平成14年(2002)4月、美作岡山道の建設が計画されている赤磐市〈あかいわし〉土井遺跡を訪れました。まもなく始まる発掘調査を前に現地の様子を確認するためです。丘の斜面では墓地移転が行われて随所に真新しい土肌が露わとなっていましたが、そのうちの一か所で埴輪〈はにわ〉片が散らばっているのが見つかりました。あたりをよく観察すると、墓地で削られた崖〈がけ〉に埴輪が顔をのぞかせています。急な斜面ではありますが、古墳が存在する可能性を考えて調査にのぞむことになりました。
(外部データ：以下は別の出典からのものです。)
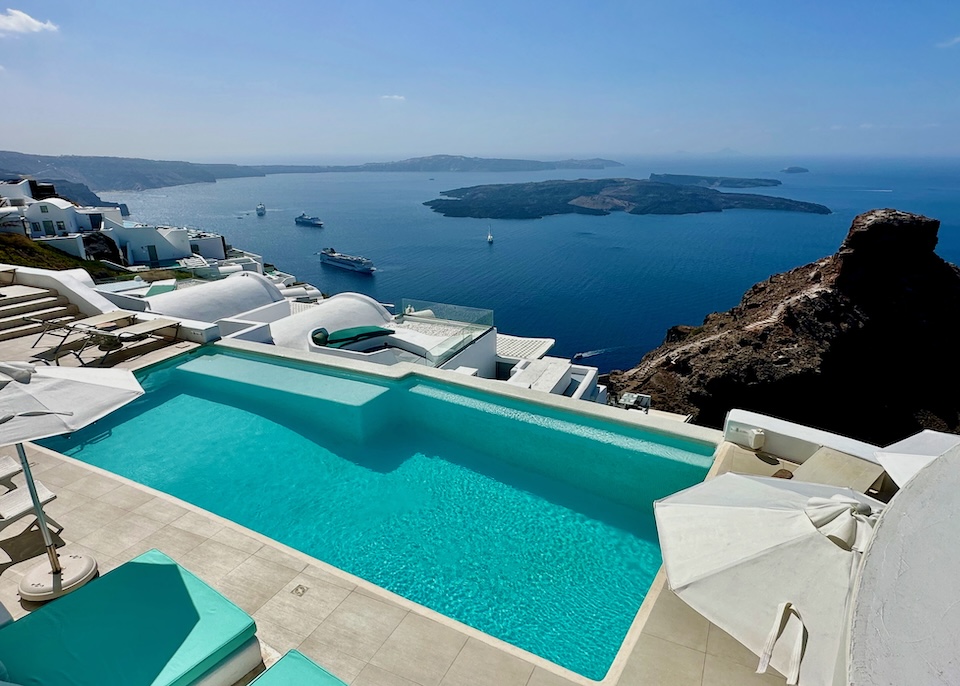 Hotely na Santorini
 5月に始まった調査では、まず崖の背後を発掘して古墳の痕跡を探りましたが、それと思われるようなものは確認できません。そこで、埴輪がのぞく崖を中心に掘り広げると、長さ5m、幅1mの範囲に積み重なった多数の埴輪片が見つかりました。この埴輪片を一つ一つ取り上げていくと、その下から仰向けに横たわる人形埴輪が姿を現したのです。高さが80㎝ほどあるこの埴輪は、胸に四角い盾〈たて〉を構えた「盾持ち人」で、墓をまもるためにつくられたものです。このほか、美豆良〈みずら〉を垂らした男子や巫女〈みこ〉と思われる女子の埴輪、角を生やした鹿の埴輪なども見つかっていて、総重量は450㎏にものぼります。調査の結果、これらの埴輪は斜面のくぼみに集められたことが分かりましたが、やがてその理由も明らかとなりました。ここから6m離れた場所で、古墳時代後期(6世紀)の埴輪窯が見つかったのです。この発見により、ここは窯で焼け損じた埴輪を廃棄した場所であることがようやく判明しました。

 現在、岡山県古代吉備文化財センターの展示室に住まう「盾持ち人」ですが、わずかに首をかしげ口を開いたその表情は、墓へ運ばれることなく窯場へ置き去りにされた悔しさを訴えているようにも見えます。